Powers of Arrest and Search Post-Arrest
HMRC officers have the power to arrest without warrant any person they reasonably suspect of having committed or being in the process of committing an indictable offence. Following arrest, HMRC officers may search the suspect, enter and search premises associated with the arrested person (with a superintendent’s authority under PACE s18) and use reasonable force in the exercise of their powers. These powers are co-extensive with police powers and carry the same safeguards, including the right to have a person informed of the arrest and the right to consult a solicitor under PACE s58.
General Seizure Power (PACE s19)
Section 19 of PACE 1984 confers a general seizure power on any constable (including an HMRC officer acting as a constable) who is lawfully on any premises. The officer may seize anything found on those premises if they reasonably believe that it has been obtained in consequence of the commission of an offence or that it is evidence in relation to any offence that the officer is investigating. The scope of this power is wide: it is not limited to the specific offences for which a warrant was obtained, and it can be exercised even where the officer had no prior knowledge that the item existed.
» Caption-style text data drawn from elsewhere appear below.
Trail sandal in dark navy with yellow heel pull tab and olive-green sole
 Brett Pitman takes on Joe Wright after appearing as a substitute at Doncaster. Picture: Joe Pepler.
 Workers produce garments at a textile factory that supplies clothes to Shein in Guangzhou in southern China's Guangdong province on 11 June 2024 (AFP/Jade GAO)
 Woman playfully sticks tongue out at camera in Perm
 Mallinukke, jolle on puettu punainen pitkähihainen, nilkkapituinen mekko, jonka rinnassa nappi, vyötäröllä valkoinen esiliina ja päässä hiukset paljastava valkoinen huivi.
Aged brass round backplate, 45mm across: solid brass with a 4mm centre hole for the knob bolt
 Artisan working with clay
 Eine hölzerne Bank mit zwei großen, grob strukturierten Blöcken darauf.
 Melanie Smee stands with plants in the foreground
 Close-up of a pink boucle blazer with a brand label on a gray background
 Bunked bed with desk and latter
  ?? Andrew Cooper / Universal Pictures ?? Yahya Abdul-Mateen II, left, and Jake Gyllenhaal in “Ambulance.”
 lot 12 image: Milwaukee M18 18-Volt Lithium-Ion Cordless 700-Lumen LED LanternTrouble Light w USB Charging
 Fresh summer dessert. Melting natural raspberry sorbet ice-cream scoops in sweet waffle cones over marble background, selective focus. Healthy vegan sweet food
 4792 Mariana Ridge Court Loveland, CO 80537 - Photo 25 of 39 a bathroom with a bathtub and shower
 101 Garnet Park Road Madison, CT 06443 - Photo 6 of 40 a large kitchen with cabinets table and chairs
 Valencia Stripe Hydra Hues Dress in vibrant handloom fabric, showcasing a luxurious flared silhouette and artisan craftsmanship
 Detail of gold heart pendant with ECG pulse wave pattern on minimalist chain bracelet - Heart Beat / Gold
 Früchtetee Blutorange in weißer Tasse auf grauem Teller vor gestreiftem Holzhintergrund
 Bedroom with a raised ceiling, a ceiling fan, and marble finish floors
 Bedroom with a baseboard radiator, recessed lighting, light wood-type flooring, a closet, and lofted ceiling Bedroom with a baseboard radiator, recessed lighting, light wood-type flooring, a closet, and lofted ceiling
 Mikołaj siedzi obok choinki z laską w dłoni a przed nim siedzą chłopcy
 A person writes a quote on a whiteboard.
POCA 2002 and Ancillary Powers
In cases involving suspected money laundering or criminal proceeds, HMRC may additionally exercise powers under the Proceeds of Crime Act 2002, including search and seizure warrants and production orders under that Act and the power to seize suspected criminal cash. Disclosure notice powers under the Serious Organised Crime and Police Act 2005 (SOCPA 2005), surveillance authorisations under the Regulation of Investigatory Powers Act 2000 (RIPA 2000) and the Investigatory Powers Act 2016 (IPA 2016) and police surveillance powers under the Police Act 1997 are also available in appropriate cases.
Unexplained Wealth Orders
The Unexplained Wealth Order (UWO) is a civil procedure available to HMRC (and other specified enforcement authorities) in the High Court. Where a person holds property with a value greater than £50,000 and their known lawfully obtained income appears insufficient to have enabled them to acquire the property, HMRC may apply for an order requiring the respondent to explain their interest in the property and how they obtained the funds to acquire it. The UWO is a powerful investigative tool: failure to comply or providing a false or misleading response, can lead to the property being presumed to be recoverable under POCA 2002.
Exclusion of Evidence, PACE s78
Section 78 of PACE 1984 gives the criminal court a discretionary power to exclude evidence where, having regard to all the circumstances including the circumstances in which the evidence was obtained, admission of the evidence would have such an adverse effect on the fairness of the proceedings that the court ought not to admit it. This provision is of direct practical importance in HMRC criminal cases: where HMRC has obtained documents by executing a search warrant that was procedurally defective or has exceeded the scope of a production order or has failed to comply with the Codes of Practice during a seizure, the court may exclude the resulting evidence under s78. Building and running such an argument is the province of a specialist criminal defence solicitor.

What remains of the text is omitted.